Goldberg v. Kelly, No. 62

CourtUnited States Supreme Court
Writing for the CourtBRENNAN
Citation397 U.S. 254,90 S.Ct. 1011,25 L.Ed.2d 287
PartiesJack R. GOLDBERG, Commissioner of Social Services of the City of New York, Appellant, v. John KELLY et al
Docket NumberNo. 62
Decision Date23 March 1970

397 U.S. 254
90 S.Ct. 1011
25 L.Ed.2d 287
Jack R. GOLDBERG, Commissioner of Social Services of the City of New York, Appellant,

v.

John KELLY et al.

No. 62.
Argued Oct. 13, 1969.
Decided March 23, 1970.

Page 255

John J. Loflin, Jr., New York City, for appellant.

Lee A. Albert, New York City, for appellees.

Mr. Justice BRENNAN delivered the opinion of the Court.

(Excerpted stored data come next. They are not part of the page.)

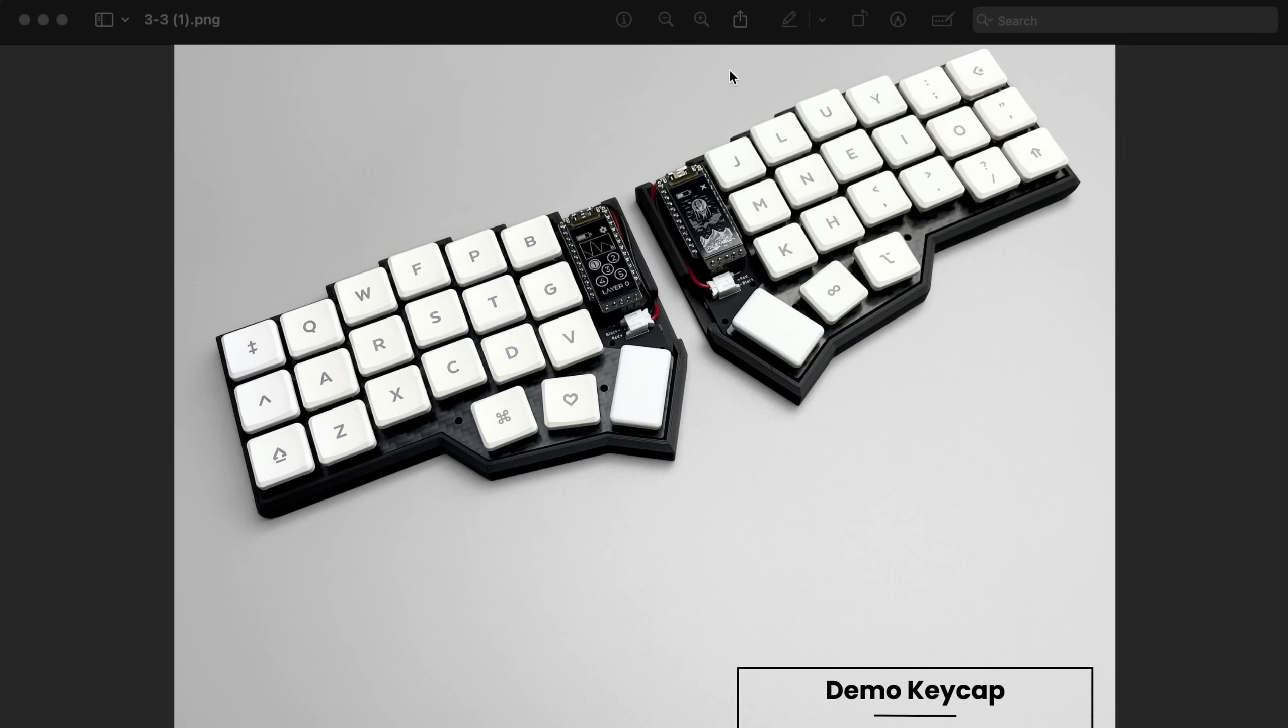Notice that this one has one, two, three, four, five, six columns - 18 keys, 21 here plus 21 on the other side. It has 42 keys in total.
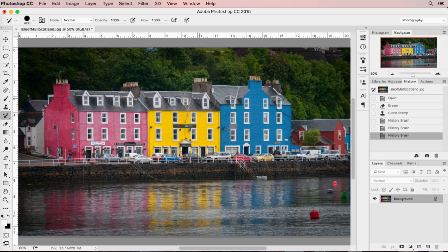That's basically what the history brush does — if you've made 10, 12, or 14 different state changes and you need to correct only one thing, such as retouching on a face, that's where the history brush comes in very handy.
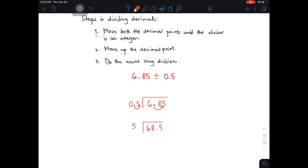Don't worry because they are still the same — we're just moving the decimal point. Then number 2: move up the decimal point. From this point, you need to move it up here, so we place a decimal point here for the quotient. After moving up the decimal point, you need to do the usual long division. 6 divided by 5 gives you 1. 1 times 5 gives you 5. Subtract it: 6 minus 5 gives you 1.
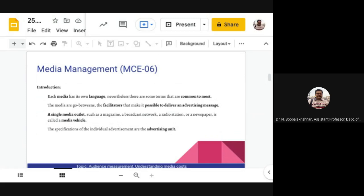Media can be magazines, newspapers, broadcast programs, websites, or other media vehicles. Each media — whether magazine, newspaper, broadcasting, television, or OTT — has its own language. Nevertheless, there are some terms that are common to most. To understand how any business operates, you must know the language of that business, which means knowing the commercial and business management terms.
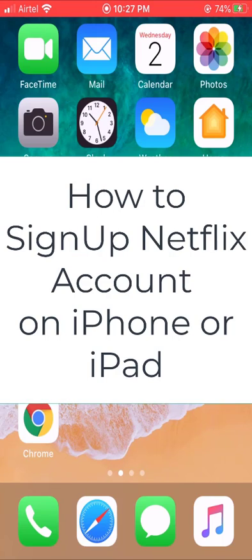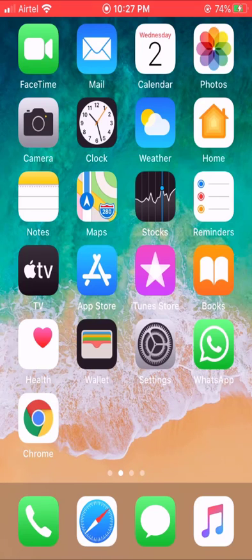How to sign up a Netflix account on iPhone or iPad. Sign up is not supported on the Netflix iOS app, so in this video we'll show you how to open or restart a Netflix account on iPhone or iPad.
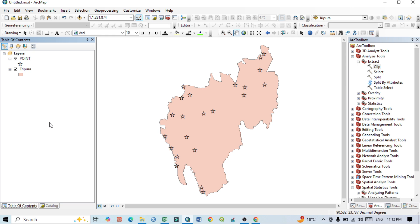Hello viewers, have a good day. Welcome to another tutorial. Today we'll learn how to prepare a cartogram map when we have point features with different values — how to prepare different cartographic techniques like the bar diagram, concentric circle, or other techniques. We have two features: one is a polygon feature and the other is the point feature.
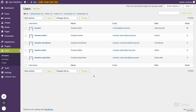Hello friends, welcome back again. In the first video we talked about various user roles, their capabilities, and what the WordPress admin dashboard looks like for different user roles. In this video I will give a workflow about classes, functions, and various methods, and how user roles and capabilities are managed in the WordPress core.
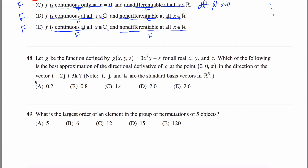Here are solutions to problem 48 off the GRE subject math practice test. What I'm dealing with here is a directional derivative. This is asking: you have this function in three variables — how fast is this function moving at this point in this direction?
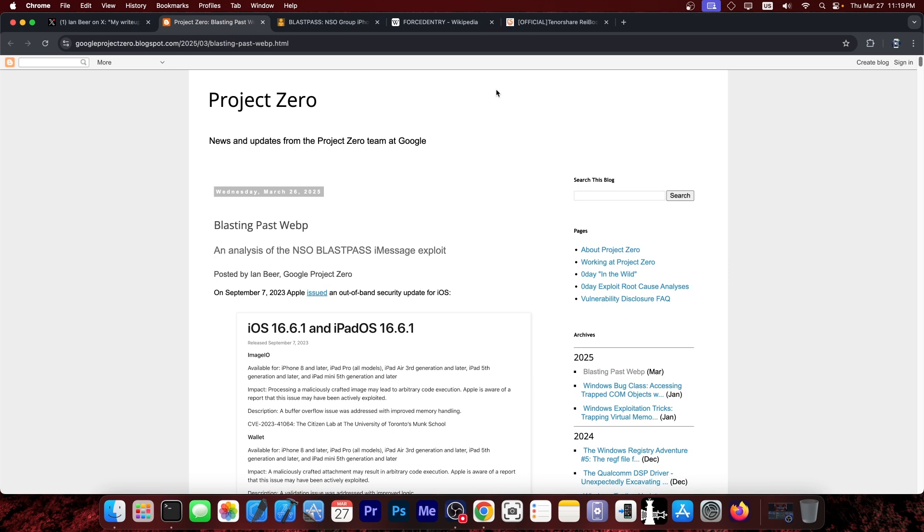Anyway, pretty nice to see. I definitely recommend you to read this, especially if you're on iOS 16.X using Cowabang and stuff like that. This is definitely something you would want to know.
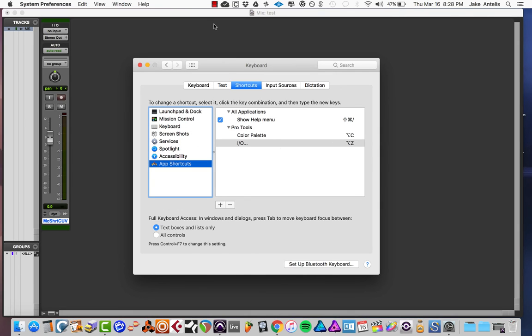And again, I made Option Z, you can make it whatever you want, just make sure it's not something that's being taken in Pro Tools or whatever app you're doing this in, because of course these shortcuts can work in any app on your Mac.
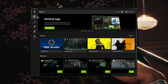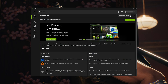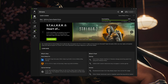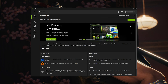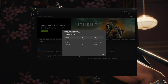Open GeForce Experience and click on Drivers. Press Download. Press Install. Select Express Installation and then press Continue. Now your NVIDIA drivers should be updated to the latest version.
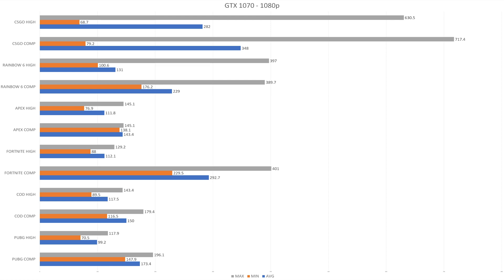Moving on to Rainbow Six Siege, we have huge improvements going from the high to the competitive graphics settings. 131 is not bad for average, but it's not 229. And if you're rocking at 240 hertz, like I stated so many times already, you're probably tired of hearing it, this is going to matter a lot.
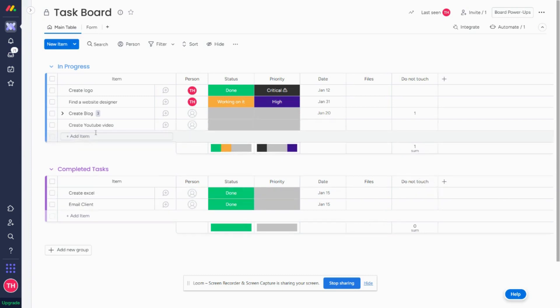So you're going to see Create YouTube Video. This column is blank, so my sub items were not created.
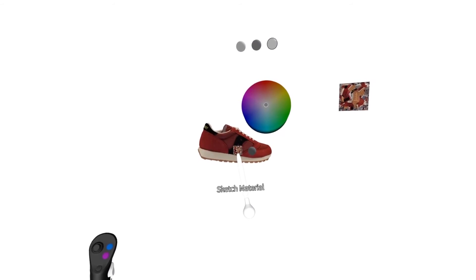And now that these are both in the scene, I can grab the shoe, press the color button, and select this as the sketch material.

The question for decision is whether a State that terminates public assistance payments to a particular recipient without affording him the opportunity for an evidentiary hearing prior to termination denies the recipient procedural due process in violation of the Due Process Clause of the Fourteenth Amendment.

This action was brought in the District Court for the Southern District of New York by residents of New

Page 256

York City receiving financial aid under the federally assisted program of Aid to Families with Dependent Children (AFDC) or under New York State's general Home Relief program.1 Their complaint alleged that the New York State and New York City officials administering these programs terminated, or were about to terminate, such aid without prior notice and hearing, thereby denying them due process of law.2 At the time

Page 257

the suits were filed there was no requirement of prior notice or hearing of any kind before termination of financial aid. However, the State and city adopted procedures for notice and hearing after the suits were brought, and the plaintiffs, appellees here, then challenged the constitutional adequacy of those procedures.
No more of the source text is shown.